Whether something is broken or you just want to upgrade your shower experience, replacing a shower head isn’t hard. But it’s important to do it right, and knowing these tips will help you get started.
The Different Types of Showerheads
Not all showerheads are created equal. Some are just sprayers, some have detachable heads, and some replicate overhead rain showers (and we’ve rounded up some of the best of all those types over on ReviewGeek). The type and length of your shower arm (the pipe that comes out of the wall) will determine what kind of shower head you can install.
Short Shower arms might not work well for a detachable shower head because the arm and hose need a fair bit of room. Angled shower arms might not work well for a rainfall showerhead because those work best when they are directly above you.

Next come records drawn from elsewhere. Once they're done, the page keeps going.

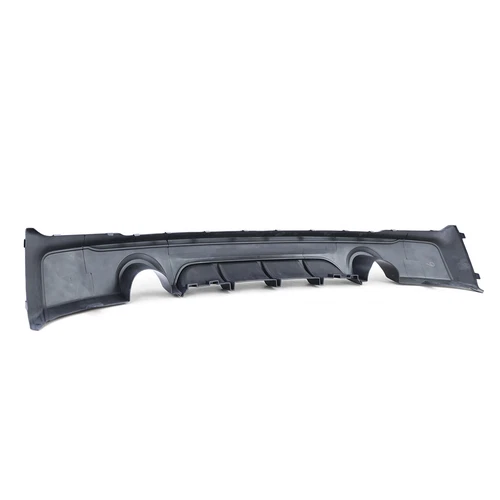 Diffusore posteriore Performance nero lucido per Serie 2 BMW F22 F23 228i M235i - Foto 3 di 4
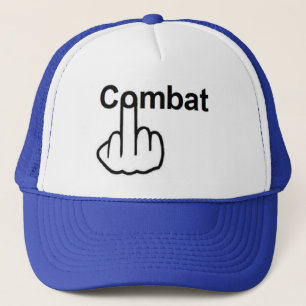 Retournement de combat casquette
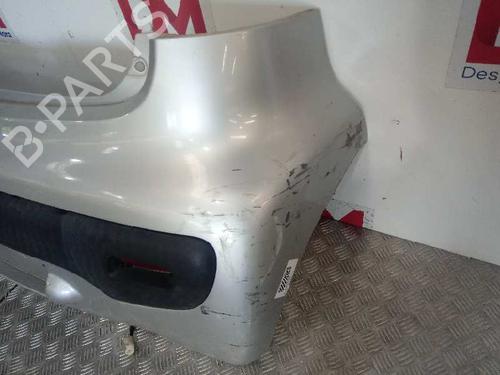 Rear bumper CITROËN C1 (PM_, PN_) 1.0 | BP12658477C8
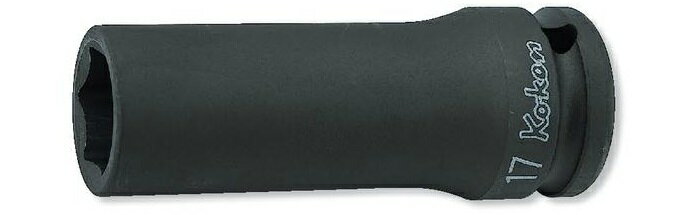 ko-ken 14300M-41 1/2sq.インパクト6角ディープソケット41mm ソケット工具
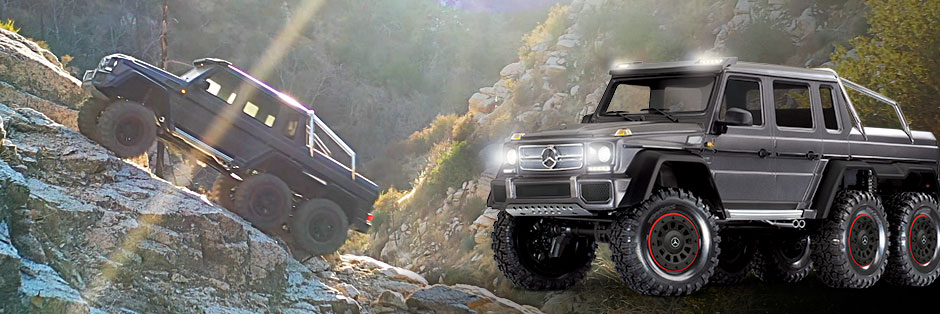 Six-Wheel Drive Summer Fun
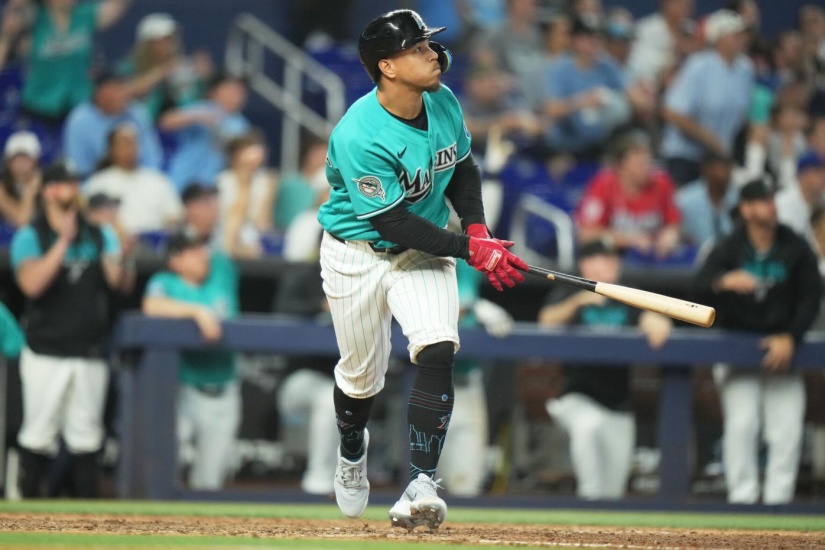Dominicano Heriberto Hernández guía barrida de Mets con grand slam; Piratas, Mellizos y Dodgers ganan, resúmen 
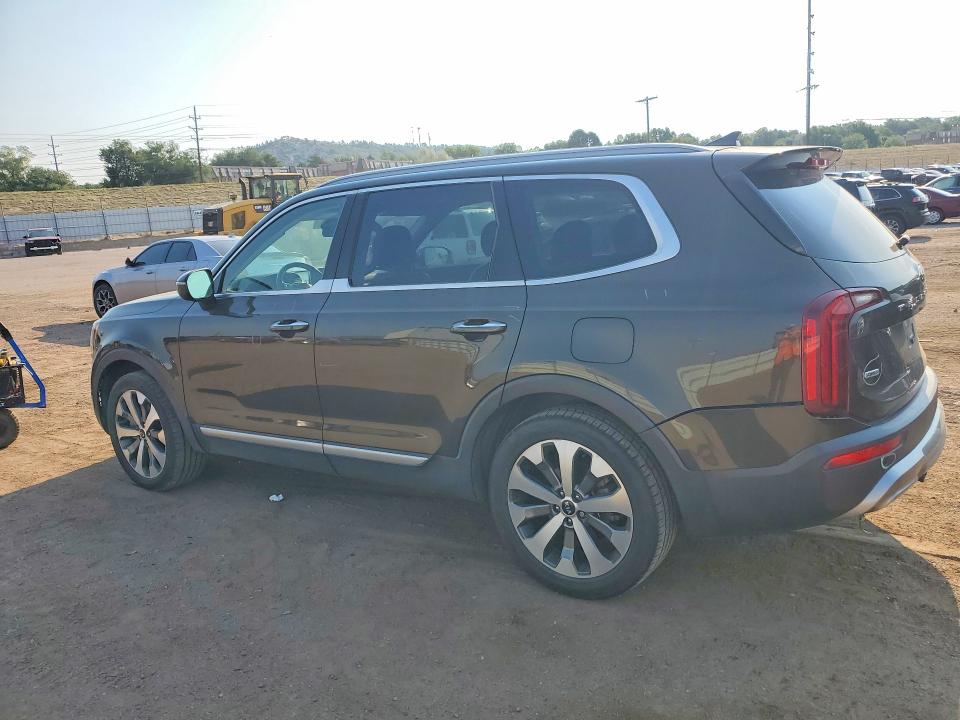 2020 Kia Telluride მანქანა იყიდება აუქციონზე, vin: 5XYP6DHC5LG013778, აუქციონის ნომერი: 59545676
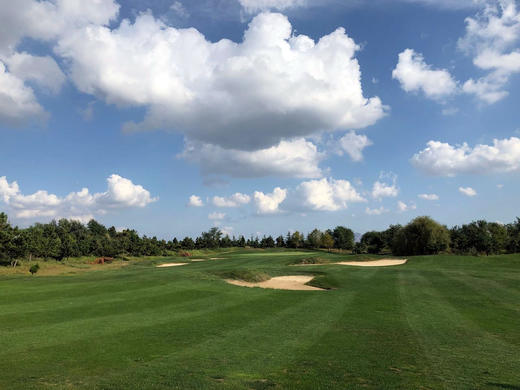 山东威海好当家高尔夫球会-A场 商品图1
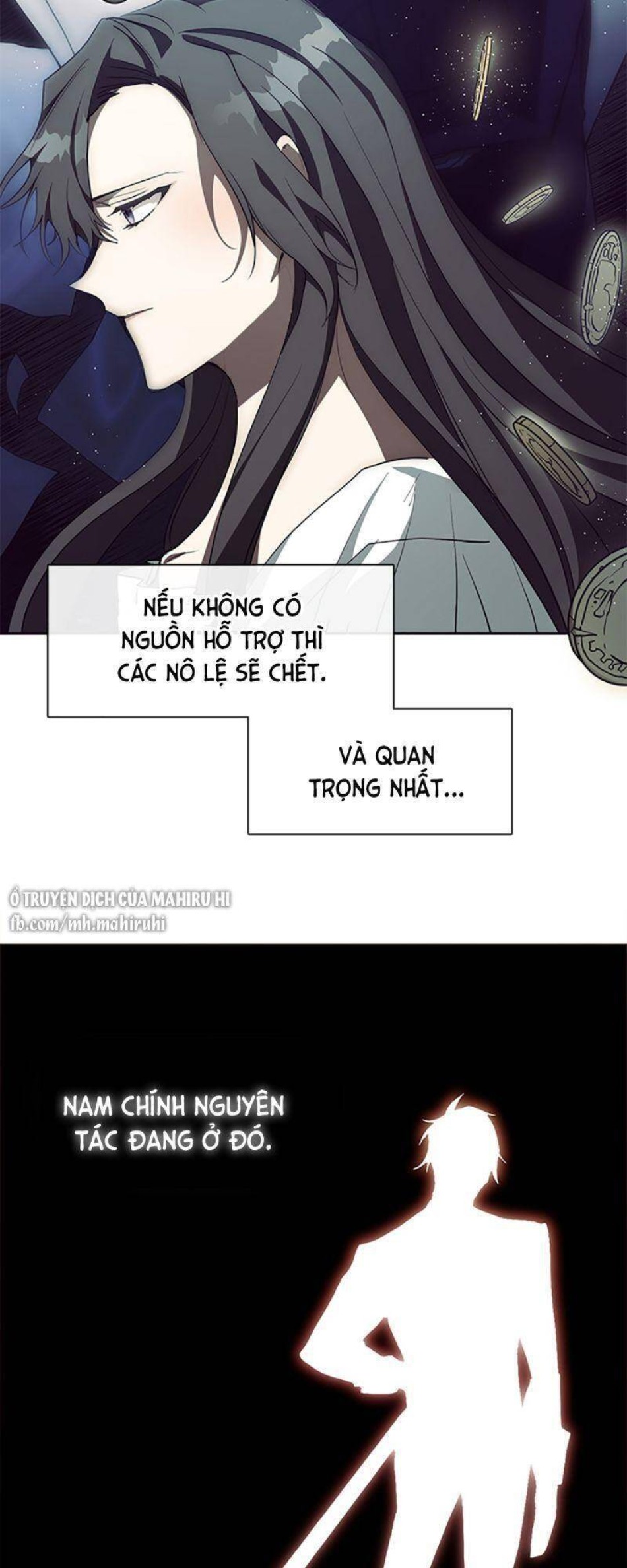 Không Thể Thoát Khỏi Người 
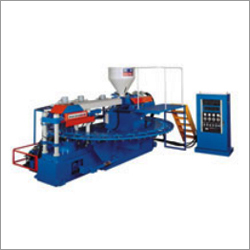 Automatic Rotary System Plastic Sole Injection Molding Machine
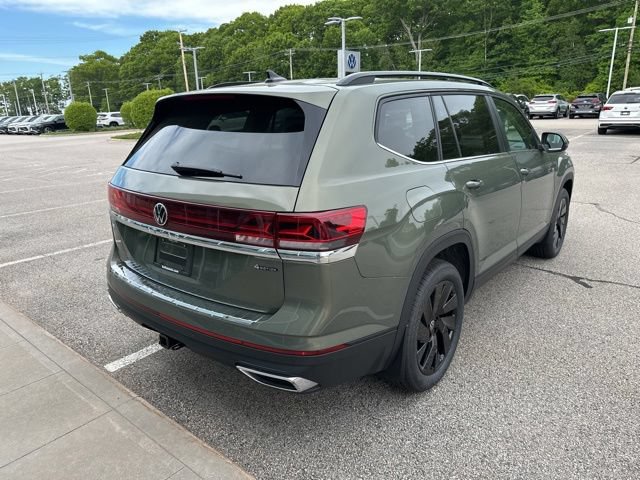 New 2026 Volkswagen Atlas SE AWD/4WD image 7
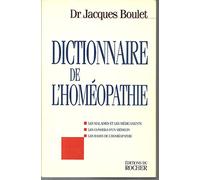 Dictionnaire de l'homéopathie
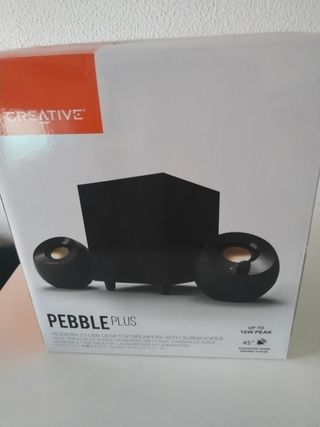 Altavoces PC Creative 2.1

Some showerheads even involve a lot more than just replacing the head itself. Sliding bar showerheads, for example, install similarly to a standard shower head. But as the name suggests, the installation also involves mounting a sliding bar with a shower head mount. This is an excellent option for kids. The only real hurdle here is mounting the sliding bar in addition to the shower head.

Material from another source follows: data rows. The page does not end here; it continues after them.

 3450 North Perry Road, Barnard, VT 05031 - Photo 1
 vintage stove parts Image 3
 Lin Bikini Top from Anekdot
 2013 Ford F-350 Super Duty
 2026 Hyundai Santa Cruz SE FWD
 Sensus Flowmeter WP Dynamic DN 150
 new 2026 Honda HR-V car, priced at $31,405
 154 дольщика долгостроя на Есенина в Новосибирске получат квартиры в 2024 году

Once you’ve chosen, most shower heads will include instructions on how to assemble the parts in the box, but they won’t always show you how to get the head installed. So let’s get started.

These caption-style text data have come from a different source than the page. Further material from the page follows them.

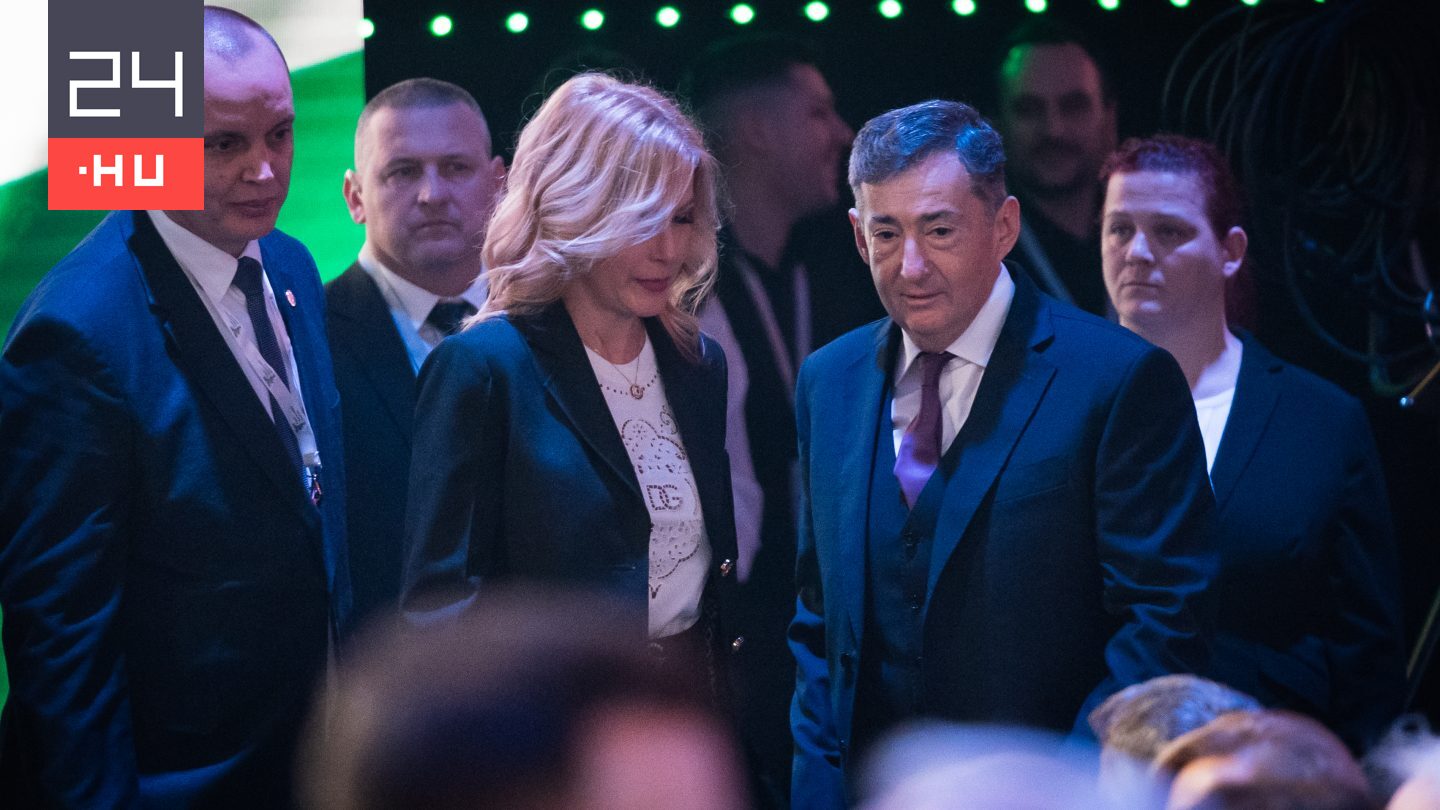 Hadházy Ákos Várkonyi Andrea luxusszettjét szúrta ki Mészáros Lőrinc feleségének adományvideójában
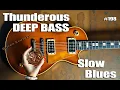 Download Lagu 【 Whiskey Blues Slow Blues #198 】 Thunderous Deep Bass, Fading Voice ♪ Whiskey Blues Songs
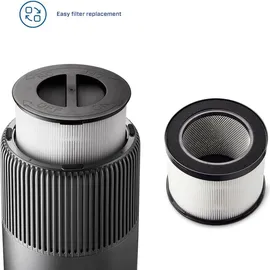 Clean Air Optima CA-503T Compact Smart Schwarz
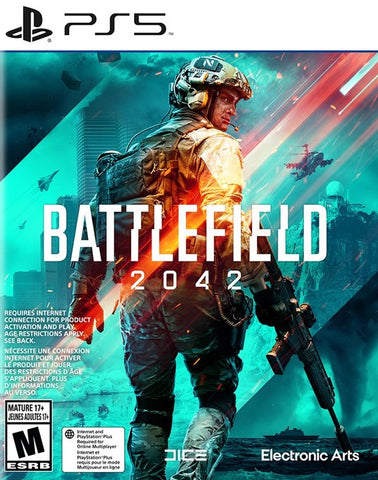 Battlefield 2042 Playstation 5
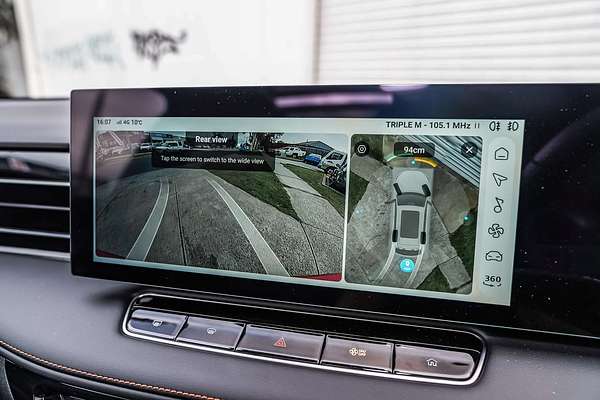 2025 MG HS Super Hybrid Essence AS33P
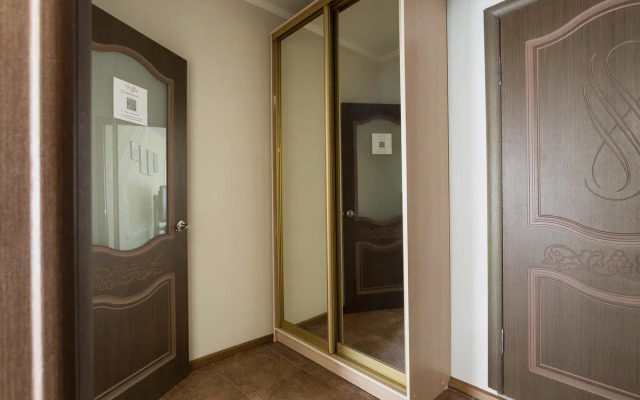 Квартира Две Подушки на Ленинградской 79-130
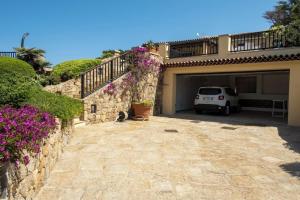 Private villa with private pool - BBQ -Garden img6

Step One: Assemble Your Tools and Prep Your Work Area
You probably have all the tools you’ll need to complete this project. You’ll need:
- adjustable pliers like Channellocks
- an adjustable crescent wrench
- a towel
- two rags
- an old toothbrush or wire brush
- teflon tape (if your shower head calls for it)
To get your area ready, close the drain in the shower (if you have a closeable drain) and place a towel over it. You don’t want any debris from the shower head or shower arm going down the drain during your project.
Also, you don’t need to turn off the water for your home when replacing a showerhead; turning off the faucet is good enough.
Step Two: Remove the Existing Showerhead
Next, you’re going to want to remove the shower head. Sometimes, this is as simple as unscrewing it by hand. If the shower head won’t budge by hand, spray a penetrating agent (like B’laster or WD-40), let it sit for a few minutes, and try to loosen it by hand again.
If it’s still pretty stuck, you can use the pliers and crescent wrench to loosen it.
Wrap the two rags around the shower arm and showerhead to protect the pipe and finish. Hold the shower arm steady with the adjustable pliers (not too tight), and use the crescent wrench to grip the showerhead. Turn the showerhead counterclockwise until it loosens up. You can then unscrew it the rest of the way by hand.
Be prepared for a bit of water to come out of the arm or showerhead when you remove it. That’s normal; it’s just water that’s collected there.
Step Three: Clean and Prep the Shower Arm
Next, use the toothbrush or wire brush to clean out any rust, debris, or old plumbing tape from the threads on the shower arm. It’s essential to do a thorough job here—any debris left behind can cause an inadequate seal with the new shower head. Take your time and get as much out as you can.
Thread tape (sometimes called “Teflon tape”) can help to provide a watertight seal on a shower head connection. You need to be careful, though. Many showerheads explicitly state in their instructions that you should not use the tape, and you should heed this advice. Using tape when it’s not recommended can actually cause leaks rather than preventing them.
Whether or not to use thread tape usually depends on whether your shower head includes a rubber gasket. If there is a rubber gasket, thread tape isn’t necessary. But it’s best to check the assembly instructions.
If you do use thread tape, wrap it around the threads clockwise. Keep it tight, and go around two or three times. Also note: thread tape doesn’t have an adhesive side but it sticks to itself, so when you get started, use your finger to hold down the end and wrap it around. Once you wrap it over itself, you’ll get a good seal. Pull the tape tight to rip it, and finish wrapping up the threads, being careful to keep the tape as flat as possible. Bunched-up tape will affect your seal.
Step Four: Install the New Showerhead
Once you’ve got things cleaned and prepped, go ahead and screw the new shower head in place. Tighten the shower head by hand until it’s snug. If there are any other parts to connect (like a detachable nozzle and hose), now is the time. Your shower head will include instructions on what to attach and where.
Once you’re done, test the shower. If there are any leaks, try to identify the source of the leak. Some shower heads will have multiple connections from the attachment, so it might be hard to pin down. Once you have identified where the leak is coming from, use the rags, pliers, and crescent wrench again to give the loose connection a quarter turn clockwise.
Important: When it comes to plumbing, you want to be careful not to over tighten. It sounds counterintuitive, but that can lead to a worse connection overall. Make it snug, and add a quarter turn if necessary. Also, be sure to brace the shower arm when tightening or loosening the shower head. One wrong turn could lead to a broken seal inside the wall, and that’s a whole other article.
Installing a new showerhead is one of the most straightforward plumbing projects you can take on yourself, so get to it and enjoy a nice hot shower when you’re done!